Эту запись Сечени делает во Франкфурте, в августе 1832 года, по пути в Лондон.
А вот запись от 4 сентября, сделанная уже в Лондоне:
«Как поглядишь на Венгрию, все кажется напрасным. Да и в Европе вскорости все смешается. Читаешь газеты, и ум за разум заходит».
Сечени поверяет дневнику свои страхи за одиннадцать дней до первых переговоров с Терни Кларком… Ну, а как отразились на нем все эти пророчества, которые начали сбываться, к сожалению, лишь восемьдесят шесть лет спустя, в 1918-м? Никак или почти никак! Пожалуй, никогда, ни в одном своем начинании Сечени не выказал себя столь вдумчивым, серьезным, проницательным и оптимистически настроенным, как по отношению к мосту.
И таким он останется до конца своих дней. Строительство моста идет полным ходом, а Сечени одолевают сомнения. Жизнь его невозможно разделить на какие-то периоды. Смелый неудержимый порыв и парализующий страх постоянно сталкиваются в его душе, и так продолжается вплоть до самого конца.
«Хорошим» человеком в расхожем понимании этого эпитета Сечени не называют даже его преданнейшие почитатели — точнее говоря, хвалители. Справедливым его тоже не назовешь — даже самого себя он судит не по справедливости: обвиняет себя в таких прегрешениях, которых не совершил да и не мог совершить.
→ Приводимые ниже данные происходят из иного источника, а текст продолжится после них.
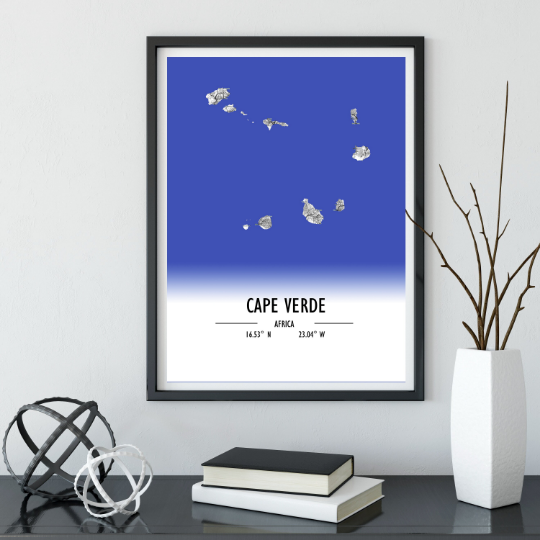 Map Poster Cape Verde / Cape Verde Map Print / Cape Verde Map Wall Art / Cape Verde Décor / Cape Verde Decoration / Cape Verde Gift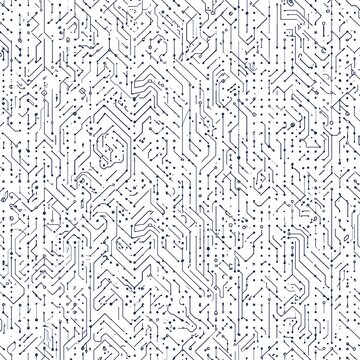 Seamless repeating pattern of modern electronic circuit board traces and components in blue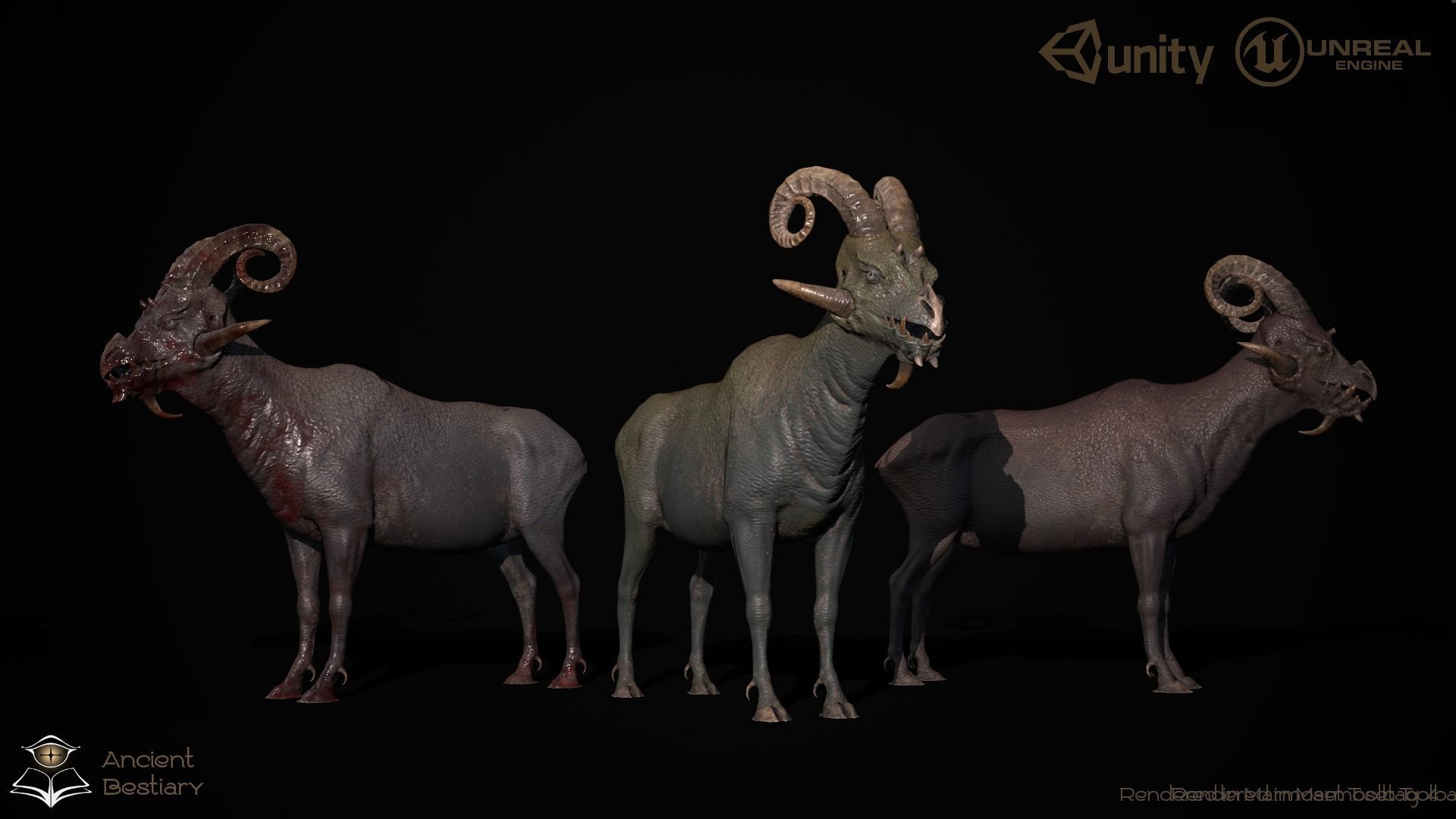 Fantasy Goat Low-poly 3D model_2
Не справедлив он и по отношению к Меттерниху, преувеличивая роль удачи в его карьере. Удача ведь может быть не только причиной, но и следствием. Если Меттерних и был удачлив, то помимо блестящей способности ориентироваться его везение заключалось и в том, что даже таким, как Сечени, не удавалось окончательно выпутаться из сети его аргументов.